An utility library that generates OARepo required data model files from a JSON specification file
Project description
OARepo model builder
A library and command-line tool to generate invenio model from a single model file.
CLI Usage
oarepo-compile-model model.yaml
will compile the model.yaml into the current directory. Options:
--output-directory <dir> Output directory where the generated files will be
placed. Defaults to "."
--package <name> Package into which the model is generated. If not
passed, the name of the current directory,
converted into python package name, is used.
--set <name=value> Overwrite option in the model file.
Example --set settings.elasticsearch.keyword-ignore-above=20
-v Increase the verbosity. This option can be used
multiple times.
--config <filename> Load a config file and replace parts of the model
with it. The config file can be a json, yaml or a
python file. If it is a python file, it is
evaluated with the current model stored in the
"oarepo_model" global variable and after the
evaluation all globals are set on the model.
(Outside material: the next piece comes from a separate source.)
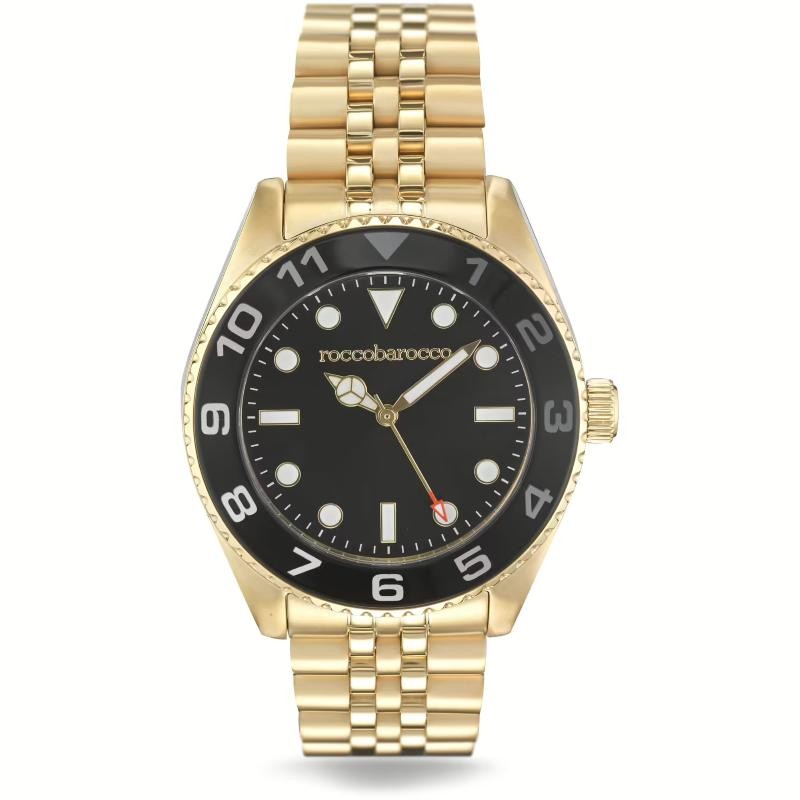 Orologio Uomo Solo Tempo ROCCOBAROCCO RB.4886M-08M Cinturino Acciaio PVD Oro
--isort / --skip-isort Call isort on generated sources (default: yes)
--black / --skip-black Call black on generated sources (default: yes)
Model file structure
A model is a json/yaml file with the following structure:
settings:
python:
elasticsearch:
model:
properties:
title: { type: 'fulltext' }
There might be more sections (documentation etc.), but only the settings
and model
are currently processed.
settings section
The settings section might contain the following keys (default values below):
settings:
package: basename(output dir) with '-' converted to '_'
kebap-package: to_kebap(package)
package-path: path to package as python Path instance
schema-version: 1.0.0
schema-name: { kebap-package }-{schema-version}.json
schema-file: full path to generated json schema
mapping-file: full path to generated mapping
collection-url: camel_case(last component of package)
processing-order: [ 'settings', '*', 'model' ]
python:
record-prefix: camel_case(last component of package)
templates: { } # overridden templates
marshmallow:
top-level-metadata: true
mapping: { }
record-prefix-snake: snake_case(record_prefix)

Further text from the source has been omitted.